Bifenthrin is a second generation synthetic pyrethroid insecticide that is widely used in Australia and worldwide. It is frequently found in urban freshwater sediments at concentrations likely to impact biota as it is highly toxic to fish and macroinvertebrates, such as chironomids. Our main goal was to evaluate if oxidative stress and hydrolase enzymes are useful biomarkers of effect of synthetic pyrethroids exposure under different scenarios. Chironomus tepperi larvae (5 days old) were exposed to sub-lethal sediment concentrations of bifenthrin for 5 days under controlled laboratory conditions. A field-based microcosm exposure with bifenthrin-spiked sediments (using the same concentrations as the laboratory exposure) was carried out at a clean field site for four weeks to allow for colonization and development of resident chironomid larvae. At the end of both experiments, Chironomus larvae (C. tepperi in the laboratory exposures and C. oppositus in the microcosm exposures) were collected and oxidative stress enzymes (Glutathione-s-Transferase, Glutathione Reductase and Glutathione Peroxidase) and hydrolase enzymes (Acetylcholinesterase and Carboxylesterase) were measured.

Only the Glutathione Peroxidase activity was significantly impacted in larvae from the laboratory exposure. On the contrary, significant changes were observed in all the measured enzymes from the field-based microcosm exposure. This is likely because exposure was throughout the whole life cycle, from egg mass to fourth instar, showing a more realistic exposure scenario. Furthermore, this is the first time that changes in oxidative stress and hydrolase enzymes have been shown to occur in Australian non-biting midges exposed under field-based microcosm conditions. Thus, this study demonstrated the usefulness of these enzymes as biomarkers of effect following bifenthrin exposure in microcosms. It also highlights the importance of using a range of different biochemical endpoints to get a more holistic understanding of pesticide effects and the pathways involved.

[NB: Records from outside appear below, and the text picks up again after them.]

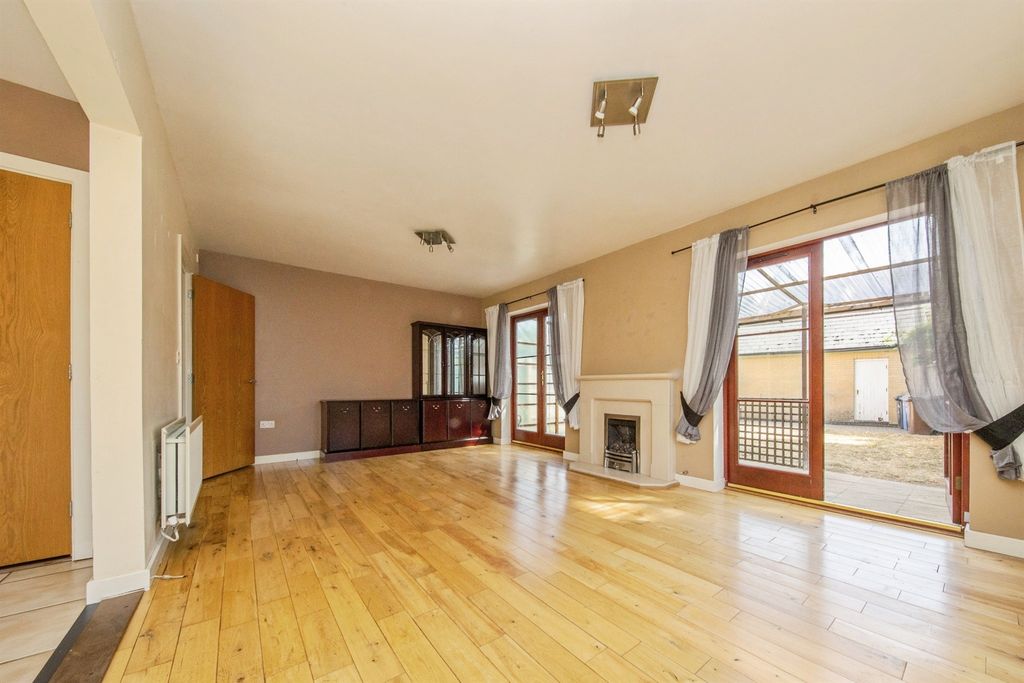 Property photo 3 of 23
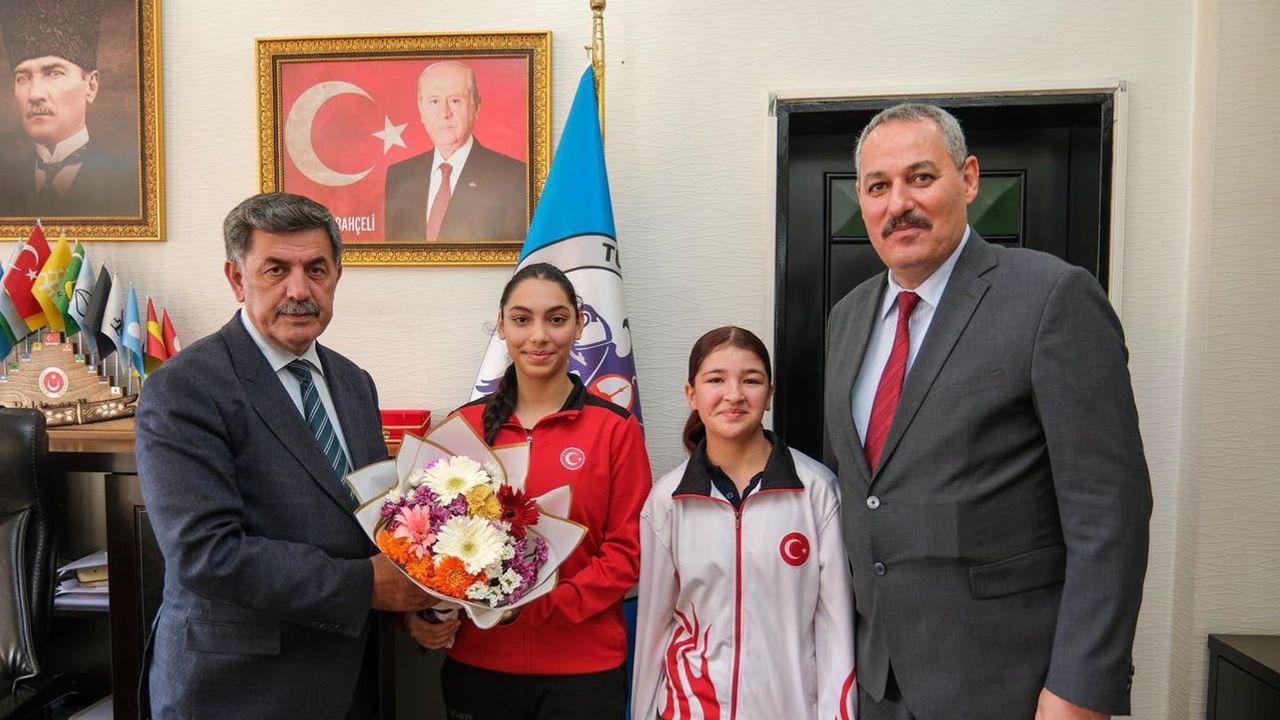 Erzincan'da ulusal ve Balkan başarısı gösteren sporcular başkan Aksun ile buluştu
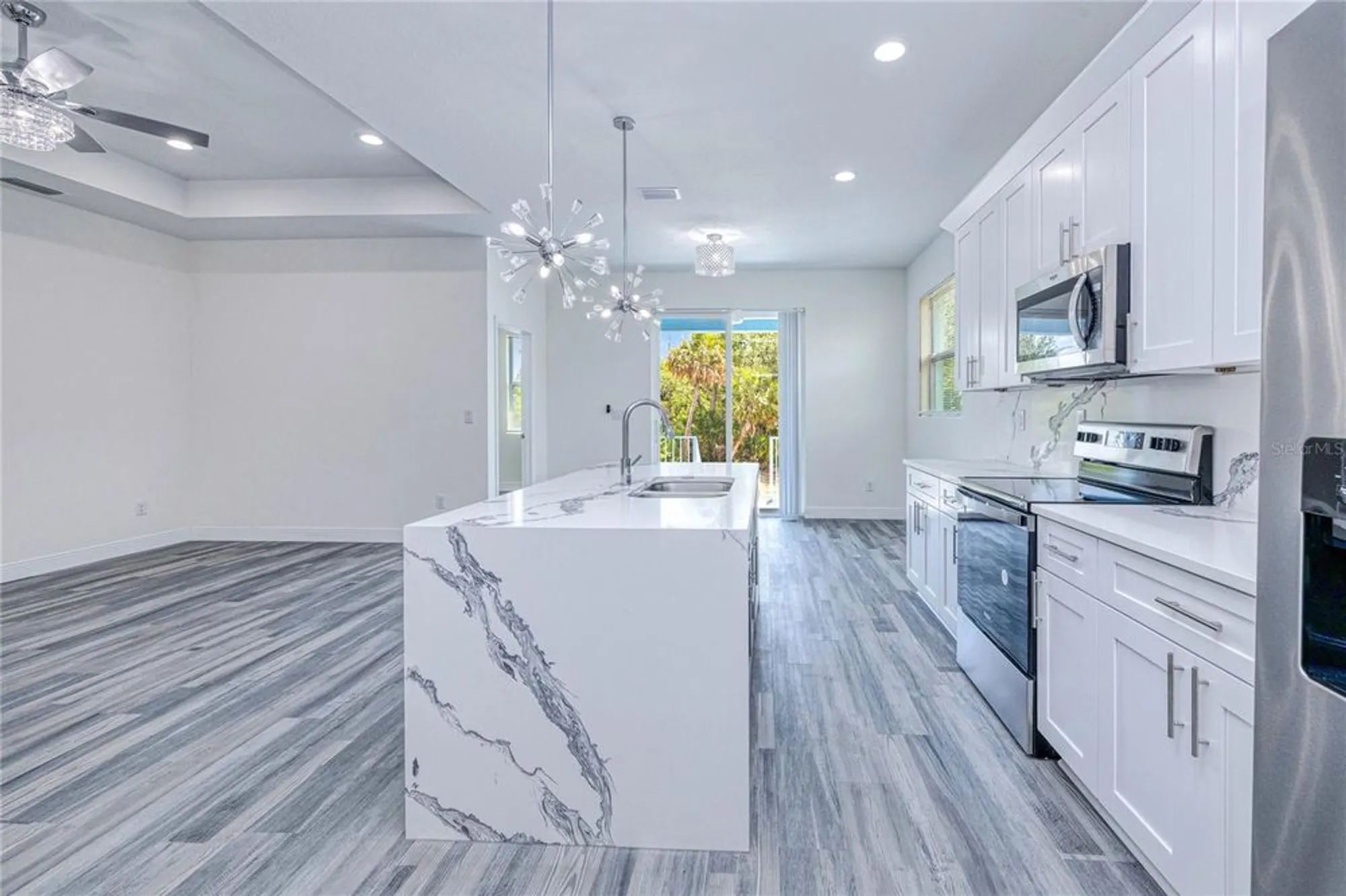 Property Slideshow image 17 of 48 | 4285 oak terrace cir, Port Charlotte, FL, 33953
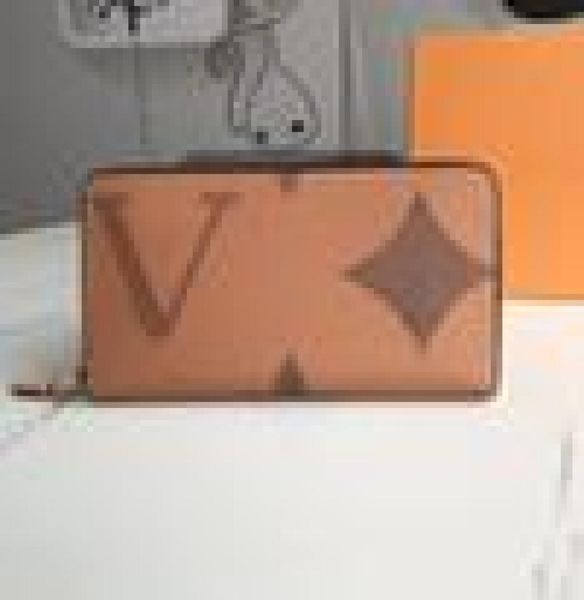 2021 fashion flowers designer wallets luxurys men women leather bags high q, Red;black
2021 fashion flowers designer wallets luxurys men women leather bags high q, Red;black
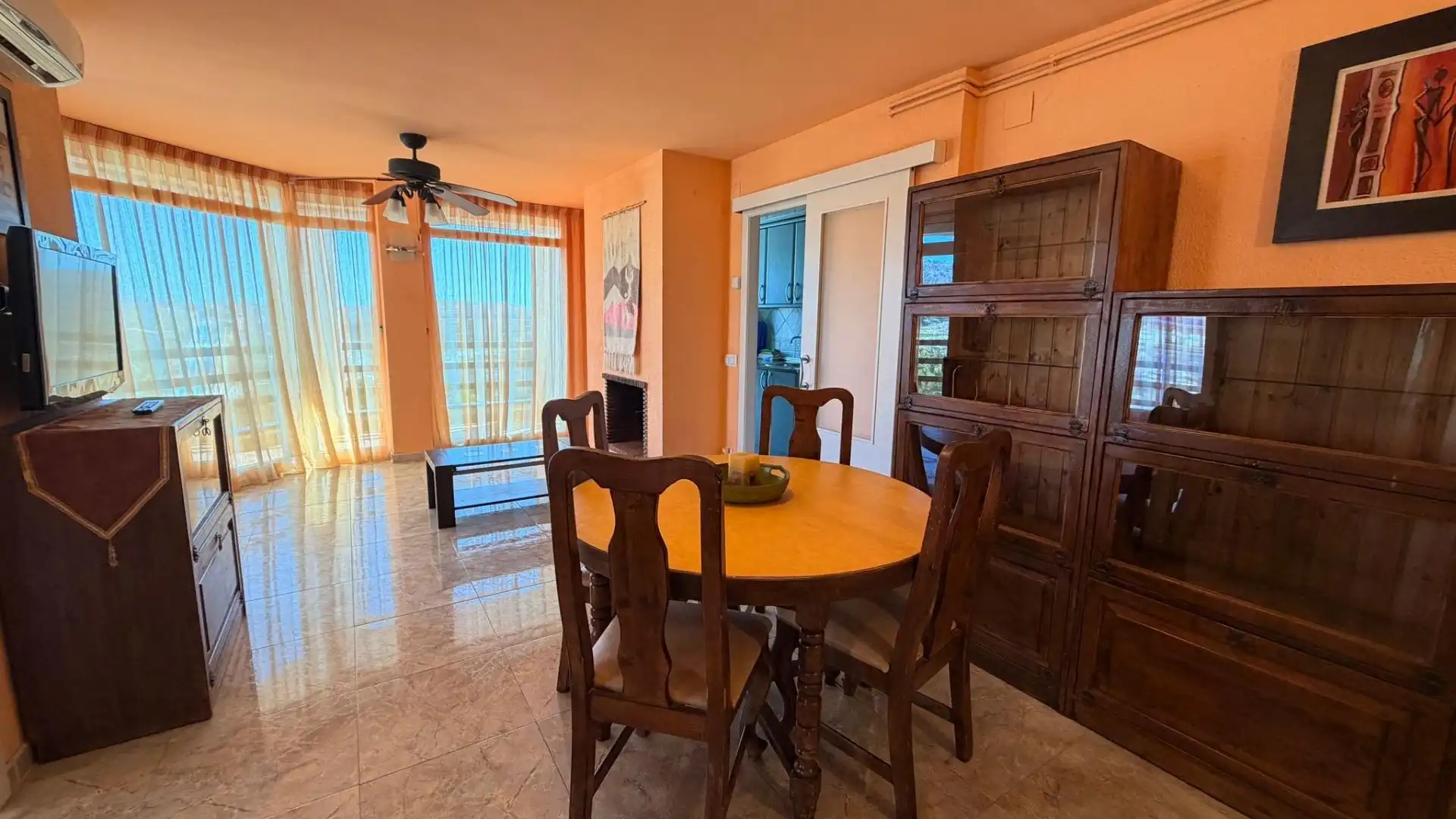 Menjador de Pis en venda en Pineda de Mar amb Aire condicionat, Calefacció i Terrassa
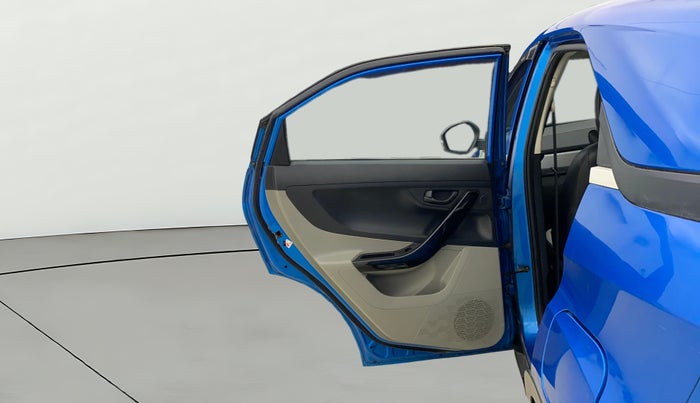 2018 Tata NEXON XMA PETROL, Petrol, Automatic, 41,901 km, LHS Rear Door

联苯菊酯是第二代合成拟除虫菊酯类杀虫剂，已在澳大利亚和世界范围内广泛使用。由于它对鱼类和大型无脊椎动物（如鳞茎纲动物）有剧毒，因此经常在城市淡水沉积物中发现其浓度可能影响生物群。我们的主要目标是评估氧化应激和水解酶是否是在不同情况下合成拟除虫菊酯暴露影响的有用生物标志物。ron在受控实验室条件下，将幼虫（5天大）暴露于联苯菊酯的亚致死沉积物浓度下5天。在清洁的野外场地进行了联苯菊酯加标沉积物的野外微观环境暴露（使用与实验室暴露相同的浓度），持续了四个星期，以允许定居的拟虫幼虫定植和发育。在这两个实验的结束时，摇蚊幼虫（C. tepperi在实验室暴露和C. oppositus在缩影曝光）收集和氧化应激的酶（谷胱甘肽-S-转移酶，谷胱甘肽还原酶和谷胱甘肽过氧化物酶）和水解酶（乙酰胆碱酯酶和羧基酯酶）被测量。

在实验室暴露的幼虫中，只有谷胱甘肽过氧化物酶活性受到显着影响。相反，在基于实地的微观世界中，所有测得的酶均发生了显着变化。这很可能是因为暴露是贯穿整个生命周期的，从鸡蛋的质量到第四龄，显示出更加现实的暴露场景。此外，这是首次证明在基于田间缩影条件下暴露的澳大利亚无咬mid中发生了氧化应激和水解酶的变化。因此，这项研究证明了这些酶作为联苯菊酯在微观世界中暴露后的作用生物标志物的有用性。